The generated files are placed in subdirectories as listed in the following table.
Result | Directory |
---|---|
Edit distances from the truth | edlib-scores |
Predicted sequences | predicted-sequences/experiment-identifier/predicted.workflow.variant-caller.txt |
Variants called with the PanVC workflow | call/experiment-identifier/ext_vc/pg_variants.variant-caller.vcf |
Variants called with the baseline workflow | call/experiment-identifier/baseline_vc/variants.variant-caller.vcf |
The following archives contain the reads used in the experiment in gzip-compressed FASTQ format. (Hence the archive itself has not been re-compressed.)
Reads | Coverage | Note |
---|---|---|
genreads-cov10.tar | 10 | |
genreads-cov20.tar | 20 | |
genreads-cov10-renamed.tar | 10 | All reads in one file |
genreads-cov20-renamed.tar | 20 | All reads in one file |
The following archives contain the actual (not predicted) variants in the generated samples.
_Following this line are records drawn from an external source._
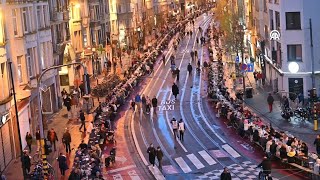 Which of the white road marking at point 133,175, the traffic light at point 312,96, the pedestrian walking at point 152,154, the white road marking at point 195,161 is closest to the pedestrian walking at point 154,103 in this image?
the traffic light at point 312,96

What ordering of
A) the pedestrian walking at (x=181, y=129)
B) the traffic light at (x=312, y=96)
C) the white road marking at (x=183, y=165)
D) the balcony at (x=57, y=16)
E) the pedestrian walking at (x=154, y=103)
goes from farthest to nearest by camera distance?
1. the balcony at (x=57, y=16)
2. the pedestrian walking at (x=154, y=103)
3. the traffic light at (x=312, y=96)
4. the pedestrian walking at (x=181, y=129)
5. the white road marking at (x=183, y=165)

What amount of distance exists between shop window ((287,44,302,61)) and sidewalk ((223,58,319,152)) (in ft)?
13.2

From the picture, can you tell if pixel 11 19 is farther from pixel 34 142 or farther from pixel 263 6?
pixel 263 6

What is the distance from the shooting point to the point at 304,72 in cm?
6203

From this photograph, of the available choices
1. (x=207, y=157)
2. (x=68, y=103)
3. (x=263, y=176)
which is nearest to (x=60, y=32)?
(x=68, y=103)

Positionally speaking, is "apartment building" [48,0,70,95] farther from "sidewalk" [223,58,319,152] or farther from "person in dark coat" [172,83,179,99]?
"sidewalk" [223,58,319,152]

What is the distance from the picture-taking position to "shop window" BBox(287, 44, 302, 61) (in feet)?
207

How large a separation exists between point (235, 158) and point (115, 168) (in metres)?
7.41

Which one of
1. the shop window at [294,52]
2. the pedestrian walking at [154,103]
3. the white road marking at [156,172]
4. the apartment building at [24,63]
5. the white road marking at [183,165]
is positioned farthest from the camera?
the pedestrian walking at [154,103]

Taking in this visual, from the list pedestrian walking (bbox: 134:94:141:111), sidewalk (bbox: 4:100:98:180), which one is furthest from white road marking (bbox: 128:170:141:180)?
pedestrian walking (bbox: 134:94:141:111)

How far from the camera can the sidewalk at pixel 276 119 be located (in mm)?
48806

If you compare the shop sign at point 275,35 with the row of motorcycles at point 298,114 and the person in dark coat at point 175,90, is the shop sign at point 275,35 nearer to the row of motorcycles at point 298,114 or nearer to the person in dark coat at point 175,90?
the person in dark coat at point 175,90

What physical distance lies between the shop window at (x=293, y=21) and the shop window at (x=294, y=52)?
162 centimetres

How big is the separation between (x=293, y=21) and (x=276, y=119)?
12.1 m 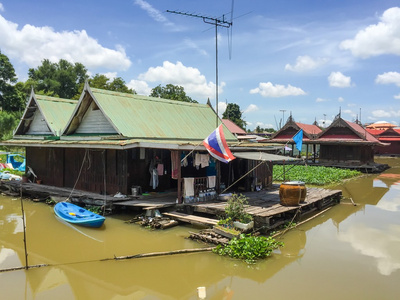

The identifier of the removed sample in all cases is SAMPLE0
.
Description | File |
---|---|
Samples removed in the experiments | variants-truth.tar.gz |
All samples | variants-all.tar.bz2 |
The following archives contain the actual sequences of the samples that were removed in the experiments.
Sequences |
---|
sequences-truth.tar.gz |
Archives that contain the pregenerated indices have been listed in e-coli-indices.md.
All sequences in one archive |
---|
founder-sequences-a2m.tar.bz2 |
Individual sequence files have been listed in e-coli-index-inputs.md.